In 2006, Joanna Pocock decided to travel from east to west across the U.S. in a Greyhound bus as she mourned her miscarriages. Seventeen years later, at the start of 2023, and now in her midfifties, Pocock undertook the same journey again. Pocock follows in the wake of Simone de Beauvoir, Ethel Mannin, and Irma Kurtz, who all chronicled their travels across America. Exploring the intersection between capitalism and geography—urban, suburban and rural—and the impact of our relationship to the landscape, she zeroes in on the rivers of tarmac, the gas stations, the suburbs, and the sites of extraction created specifically for our twenty-first-century lifestyles, and their unintended environmental and social consequences. By revisiting the same cities, edgelands, roads, and motels in 2023 as she did in 2006, Pocock dissects the overlap between place and memory, between an earlier, more prosperous version of the United States and one mired in extreme poverty, drug addiction, and a larger division between the wealthy and the dispossessed.
Ambitious and earnest.

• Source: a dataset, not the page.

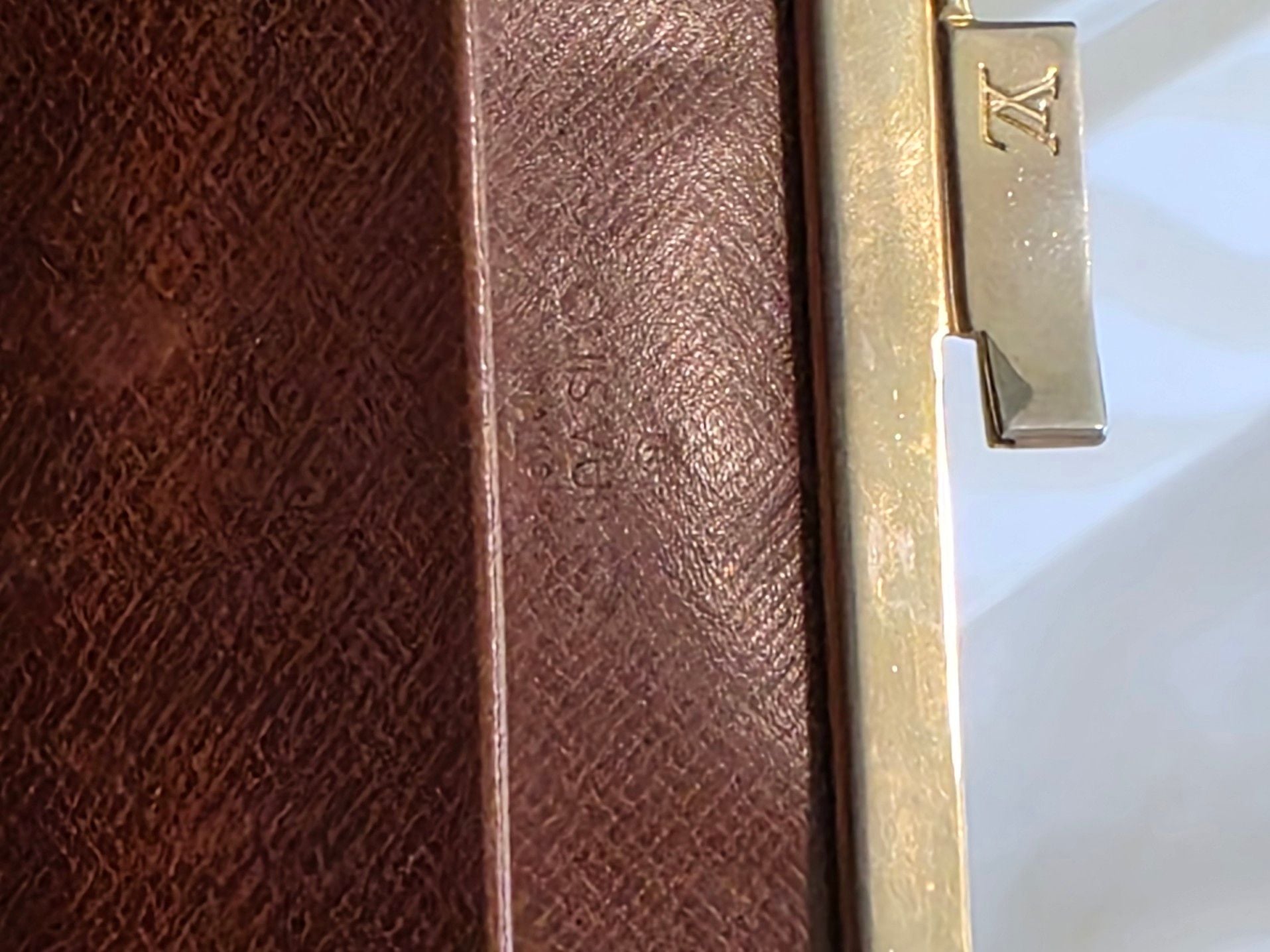 Louis Vuitton Monogram Porte Monnaie Viennois Kiss Lock Bifold Wallet Brown 9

In this westward journey, Pocock seeks not fortune, success, or survival, but connection, in all senses of the word: for her own sake but also, more urgently, as a balm for America’s pervasive ills to which her bus ride grants her a front-row seat.
It is a testament to Pocock’s subtlety and skill that Greyhound can do so much without flashing neon signs over the various points it makes. Transitioning with deceptively light grace through its many significant subjects, the book flows like scenery past a windshield. It encompasses inner journey, feminist critique, engaging travelogue, examination of literary predecessors ... Lyrical and clear-eyed at once, Pocock has reinvented the road-trip genre for a new age.
It uses its ecological consciousness to direct readers’ attentions to the natural world, thoughtfully probes the boundaries of its own awareness, and honestly struggles to achieve a comfortable sense of place ... It ends with a pledge to continue cultivating a sense of belonging and a feeling that, for Joanna Pocock, 'home' may involve a set of ongoing practices rather than something she achieves once and for all.